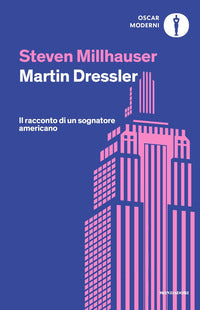 Martin dressler 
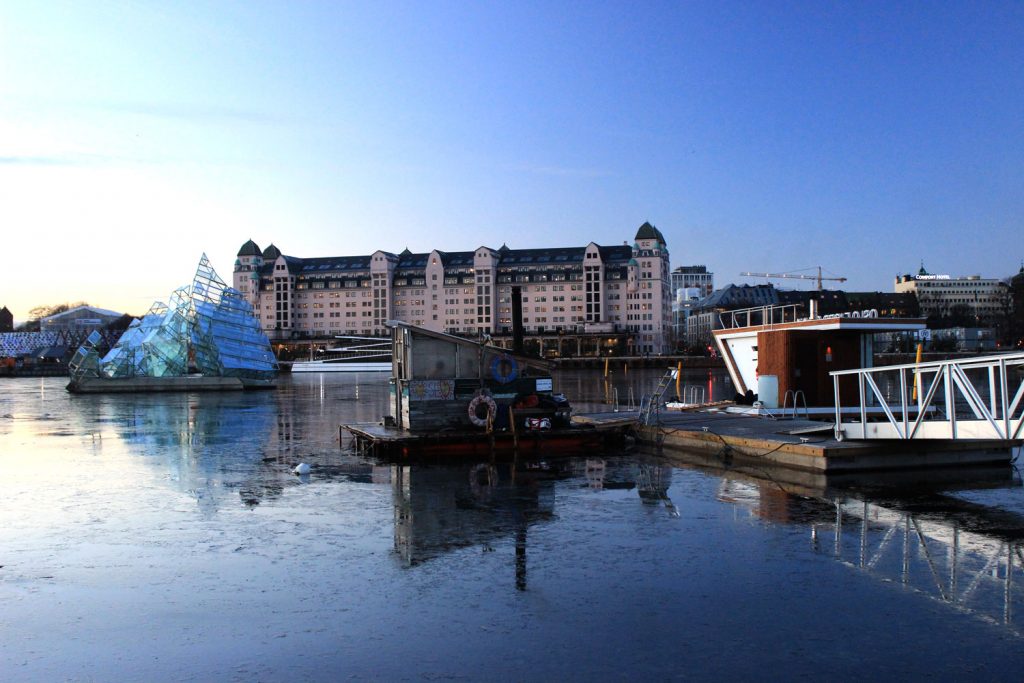 saunas-oslo-harbour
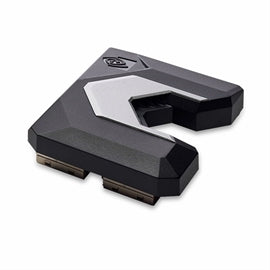 PNY Accessory HBSLIBRIDGE-2W2S-KIT Quadro HB SLI 2-Way 2-Slot Kit Retail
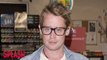 Macaulay Culkin Had Normal Friendship With Michael Jackson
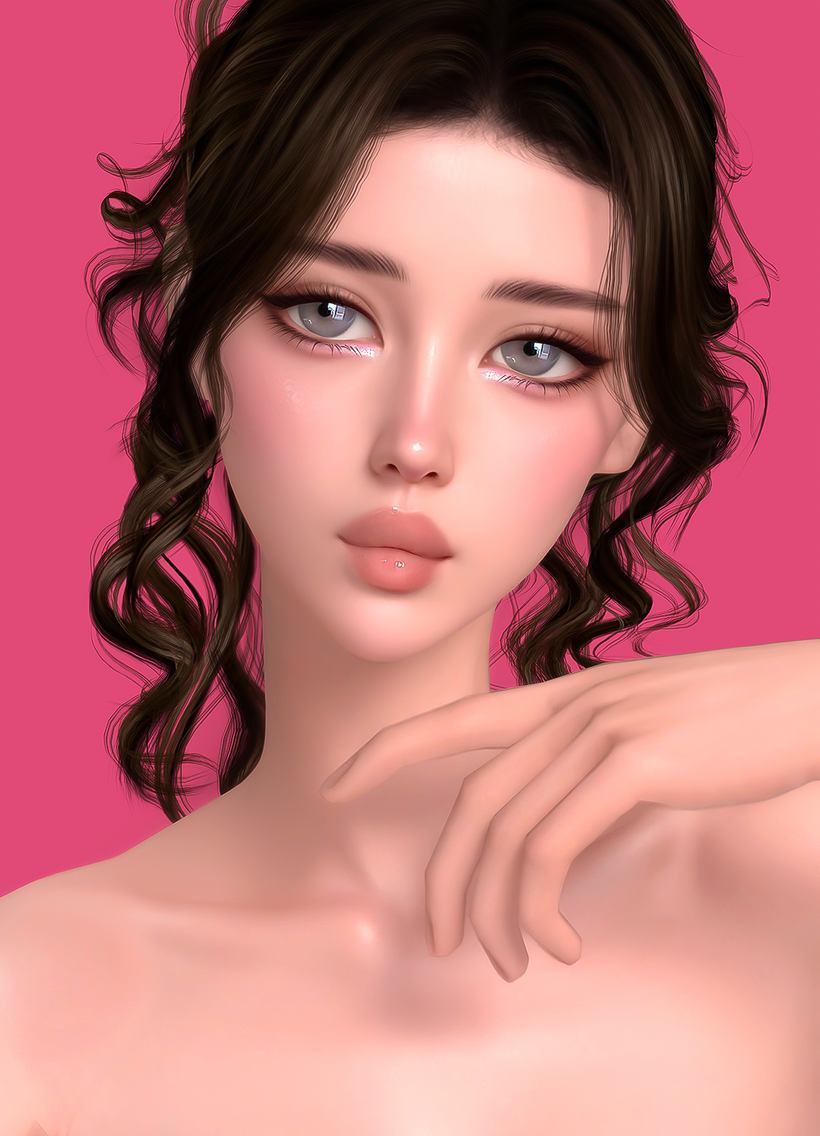 Картинка мода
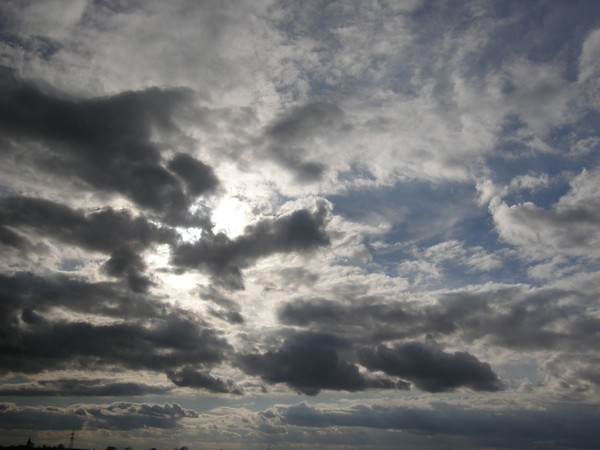 sky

• WORK ITEM: Please repeat, exactly and with nothing else, the lines from the one containing "saunas-oslo-harbour" to the last line of the entries, both included, excluding any pictures.

• ANSWER BELOW:
 saunas-oslo-harbour
 PNY Accessory HBSLIBRIDGE-2W2S-KIT Quadro HB SLI 2-Way 2-Slot Kit Retail
 Macaulay Culkin Had Normal Friendship With Michael Jackson
 Картинка мода
 sky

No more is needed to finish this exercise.